DATA LISTING:
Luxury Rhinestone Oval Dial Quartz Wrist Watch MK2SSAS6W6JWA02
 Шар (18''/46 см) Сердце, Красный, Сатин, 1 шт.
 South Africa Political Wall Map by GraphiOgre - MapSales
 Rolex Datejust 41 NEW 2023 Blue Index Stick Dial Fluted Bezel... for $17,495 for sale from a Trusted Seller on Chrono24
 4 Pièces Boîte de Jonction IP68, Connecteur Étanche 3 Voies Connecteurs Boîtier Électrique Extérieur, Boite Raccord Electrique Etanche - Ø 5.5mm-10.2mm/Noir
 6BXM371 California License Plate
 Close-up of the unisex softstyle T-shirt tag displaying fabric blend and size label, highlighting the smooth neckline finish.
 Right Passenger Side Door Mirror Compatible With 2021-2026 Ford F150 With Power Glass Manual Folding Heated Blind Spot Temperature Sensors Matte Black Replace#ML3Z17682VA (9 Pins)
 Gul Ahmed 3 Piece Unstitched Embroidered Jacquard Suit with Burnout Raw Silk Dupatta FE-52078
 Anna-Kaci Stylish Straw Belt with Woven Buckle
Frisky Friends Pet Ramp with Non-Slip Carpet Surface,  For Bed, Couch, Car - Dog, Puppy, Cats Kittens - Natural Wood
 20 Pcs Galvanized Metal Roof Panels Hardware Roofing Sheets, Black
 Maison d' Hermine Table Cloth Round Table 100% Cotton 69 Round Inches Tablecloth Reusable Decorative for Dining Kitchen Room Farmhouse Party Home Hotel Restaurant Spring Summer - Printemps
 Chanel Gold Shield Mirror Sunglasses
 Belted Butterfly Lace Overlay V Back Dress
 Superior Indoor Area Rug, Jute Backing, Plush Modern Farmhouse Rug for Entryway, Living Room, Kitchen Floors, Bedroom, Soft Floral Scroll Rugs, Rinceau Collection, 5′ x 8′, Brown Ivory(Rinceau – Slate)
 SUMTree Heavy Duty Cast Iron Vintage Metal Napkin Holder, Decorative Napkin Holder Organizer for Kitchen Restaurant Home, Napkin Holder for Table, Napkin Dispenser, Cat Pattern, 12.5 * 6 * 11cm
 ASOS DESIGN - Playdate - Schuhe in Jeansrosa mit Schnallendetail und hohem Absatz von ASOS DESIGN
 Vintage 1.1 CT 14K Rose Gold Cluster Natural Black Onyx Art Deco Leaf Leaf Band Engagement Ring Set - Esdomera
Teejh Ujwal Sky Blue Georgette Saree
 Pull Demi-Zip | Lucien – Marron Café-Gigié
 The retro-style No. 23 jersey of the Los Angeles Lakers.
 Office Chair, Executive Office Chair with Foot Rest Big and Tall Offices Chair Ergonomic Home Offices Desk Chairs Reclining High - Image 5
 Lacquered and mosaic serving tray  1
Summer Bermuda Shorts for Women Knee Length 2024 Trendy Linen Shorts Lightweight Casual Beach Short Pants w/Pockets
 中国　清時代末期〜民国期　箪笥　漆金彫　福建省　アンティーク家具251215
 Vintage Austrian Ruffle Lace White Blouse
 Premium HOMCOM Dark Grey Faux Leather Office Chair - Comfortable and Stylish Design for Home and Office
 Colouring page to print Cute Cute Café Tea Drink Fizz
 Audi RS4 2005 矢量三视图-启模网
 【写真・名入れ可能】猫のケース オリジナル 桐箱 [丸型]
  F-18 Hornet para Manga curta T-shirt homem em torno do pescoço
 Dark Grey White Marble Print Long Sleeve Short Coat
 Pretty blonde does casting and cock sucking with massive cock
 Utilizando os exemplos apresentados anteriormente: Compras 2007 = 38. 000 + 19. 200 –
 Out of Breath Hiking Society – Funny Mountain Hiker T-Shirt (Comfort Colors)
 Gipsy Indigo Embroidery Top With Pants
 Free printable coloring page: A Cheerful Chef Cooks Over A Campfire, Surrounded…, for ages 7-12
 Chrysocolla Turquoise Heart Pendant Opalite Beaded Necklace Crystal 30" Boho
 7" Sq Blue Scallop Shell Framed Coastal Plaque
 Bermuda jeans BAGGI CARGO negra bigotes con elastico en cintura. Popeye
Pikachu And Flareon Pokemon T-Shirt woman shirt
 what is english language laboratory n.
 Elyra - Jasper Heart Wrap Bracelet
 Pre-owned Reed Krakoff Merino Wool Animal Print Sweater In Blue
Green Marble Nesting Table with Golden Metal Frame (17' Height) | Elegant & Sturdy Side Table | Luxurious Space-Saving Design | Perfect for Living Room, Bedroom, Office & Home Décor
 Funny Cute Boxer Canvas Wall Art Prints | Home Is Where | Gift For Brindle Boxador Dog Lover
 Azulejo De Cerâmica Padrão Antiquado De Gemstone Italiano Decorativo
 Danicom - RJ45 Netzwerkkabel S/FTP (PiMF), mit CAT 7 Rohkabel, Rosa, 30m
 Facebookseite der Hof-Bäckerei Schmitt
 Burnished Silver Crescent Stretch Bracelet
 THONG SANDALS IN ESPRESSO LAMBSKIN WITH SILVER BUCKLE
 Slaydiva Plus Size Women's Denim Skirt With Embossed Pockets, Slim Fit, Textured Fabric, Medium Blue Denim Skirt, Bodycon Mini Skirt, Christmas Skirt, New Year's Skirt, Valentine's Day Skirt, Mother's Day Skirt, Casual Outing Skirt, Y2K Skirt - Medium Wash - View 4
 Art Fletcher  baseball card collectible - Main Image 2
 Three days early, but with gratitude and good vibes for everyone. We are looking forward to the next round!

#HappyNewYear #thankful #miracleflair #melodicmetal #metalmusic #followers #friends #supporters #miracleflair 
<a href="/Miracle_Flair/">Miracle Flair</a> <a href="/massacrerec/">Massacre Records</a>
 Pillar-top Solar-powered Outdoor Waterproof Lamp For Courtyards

EXERCISE:
Find "Lacquered and mosaic" in the entries above and copy that whole line exactly, then each line after it through the line that contains "Vintage Austrian Ruffle Lace White Blouse".

PROBLEM SOLUTION:
 Lacquered and mosaic serving tray  1
Summer Bermuda Shorts for Women Knee Length 2024 Trendy Linen Shorts Lightweight Casual Beach Short Pants w/Pockets
 中国　清時代末期〜民国期　箪笥　漆金彫　福建省　アンティーク家具251215
 Vintage Austrian Ruffle Lace White Blouse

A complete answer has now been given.